*Work task*: Give back all of the records exactly.

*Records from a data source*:
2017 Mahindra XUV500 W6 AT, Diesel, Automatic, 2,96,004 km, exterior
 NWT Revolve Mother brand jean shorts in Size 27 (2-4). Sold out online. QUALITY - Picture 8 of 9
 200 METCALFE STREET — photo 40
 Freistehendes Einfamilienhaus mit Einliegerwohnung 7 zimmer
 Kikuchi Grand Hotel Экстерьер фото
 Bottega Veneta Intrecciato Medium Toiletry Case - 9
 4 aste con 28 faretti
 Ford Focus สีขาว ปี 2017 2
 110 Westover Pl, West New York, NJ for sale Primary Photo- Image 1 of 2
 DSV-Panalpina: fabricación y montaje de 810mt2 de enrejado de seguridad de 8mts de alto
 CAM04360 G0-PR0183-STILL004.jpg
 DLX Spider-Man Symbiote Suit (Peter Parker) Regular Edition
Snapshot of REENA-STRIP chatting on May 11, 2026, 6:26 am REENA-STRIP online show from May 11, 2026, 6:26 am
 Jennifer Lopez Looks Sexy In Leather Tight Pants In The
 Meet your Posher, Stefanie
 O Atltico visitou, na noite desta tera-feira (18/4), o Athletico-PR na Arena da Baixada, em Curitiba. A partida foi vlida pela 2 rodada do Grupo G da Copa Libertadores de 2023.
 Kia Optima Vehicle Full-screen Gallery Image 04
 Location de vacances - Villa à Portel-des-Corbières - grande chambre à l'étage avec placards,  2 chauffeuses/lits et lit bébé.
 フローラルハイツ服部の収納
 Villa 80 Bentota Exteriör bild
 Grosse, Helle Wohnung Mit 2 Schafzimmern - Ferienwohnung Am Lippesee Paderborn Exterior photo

*Exercise result*:
2017 Mahindra XUV500 W6 AT, Diesel, Automatic, 2,96,004 km, exterior
 NWT Revolve Mother brand jean shorts in Size 27 (2-4). Sold out online. QUALITY - Picture 8 of 9
 200 METCALFE STREET — photo 40
 Freistehendes Einfamilienhaus mit Einliegerwohnung 7 zimmer
 Kikuchi Grand Hotel Экстерьер фото
 Bottega Veneta Intrecciato Medium Toiletry Case - 9
 4 aste con 28 faretti
 Ford Focus สีขาว ปี 2017 2
 110 Westover Pl, West New York, NJ for sale Primary Photo- Image 1 of 2
 DSV-Panalpina: fabricación y montaje de 810mt2 de enrejado de seguridad de 8mts de alto
 CAM04360 G0-PR0183-STILL004.jpg
 DLX Spider-Man Symbiote Suit (Peter Parker) Regular Edition
Snapshot of REENA-STRIP chatting on May 11, 2026, 6:26 am REENA-STRIP online show from May 11, 2026, 6:26 am
 Jennifer Lopez Looks Sexy In Leather Tight Pants In The
 Meet your Posher, Stefanie
 O Atltico visitou, na noite desta tera-feira (18/4), o Athletico-PR na Arena da Baixada, em Curitiba. A partida foi vlida pela 2 rodada do Grupo G da Copa Libertadores de 2023.
 Kia Optima Vehicle Full-screen Gallery Image 04
 Location de vacances - Villa à Portel-des-Corbières - grande chambre à l'étage avec placards,  2 chauffeuses/lits et lit bébé.
 フローラルハイツ服部の収納
 Villa 80 Bentota Exteriör bild
 Grosse, Helle Wohnung Mit 2 Schafzimmern - Ferienwohnung Am Lippesee Paderborn Exterior photo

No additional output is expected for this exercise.